▶ What is needed
From the entries below, write out exactly the lines between the line holding "Different plastic canisters" and the line holding "Aksesori IKEA Aromatisk", inclusive, excluding any pictures.

▶ Records for the exercise
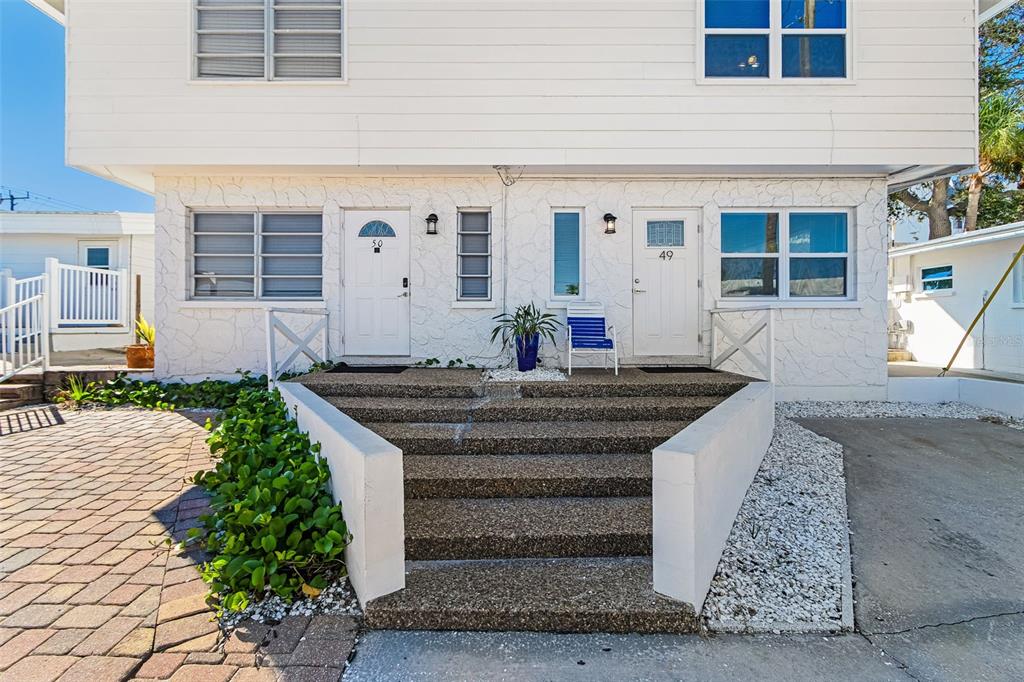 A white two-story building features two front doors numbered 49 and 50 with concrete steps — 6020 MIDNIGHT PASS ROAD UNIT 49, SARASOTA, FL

--

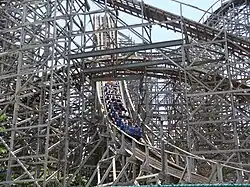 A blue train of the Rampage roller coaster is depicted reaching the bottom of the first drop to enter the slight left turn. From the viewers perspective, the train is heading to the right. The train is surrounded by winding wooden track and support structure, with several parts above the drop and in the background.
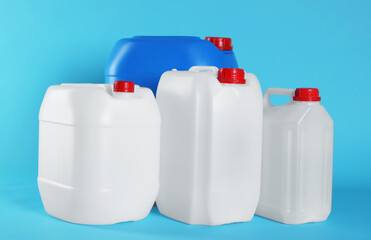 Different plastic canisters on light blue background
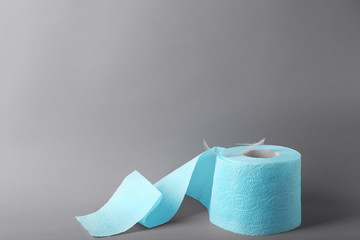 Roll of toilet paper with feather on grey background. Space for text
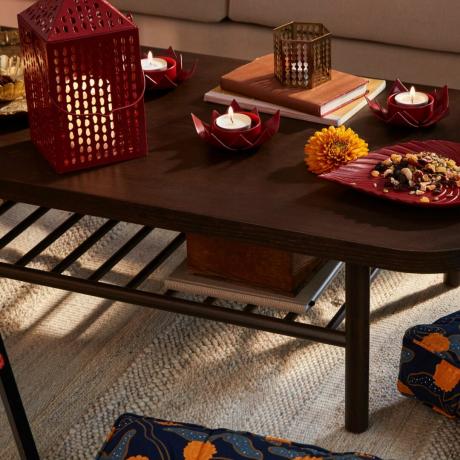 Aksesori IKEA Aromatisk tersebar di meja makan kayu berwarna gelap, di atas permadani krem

---

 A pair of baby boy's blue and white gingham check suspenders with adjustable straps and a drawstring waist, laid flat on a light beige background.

▶ Result below
 Different plastic canisters on light blue background
 Roll of toilet paper with feather on grey background. Space for text
 Aksesori IKEA Aromatisk tersebar di meja makan kayu berwarna gelap, di atas permadani krem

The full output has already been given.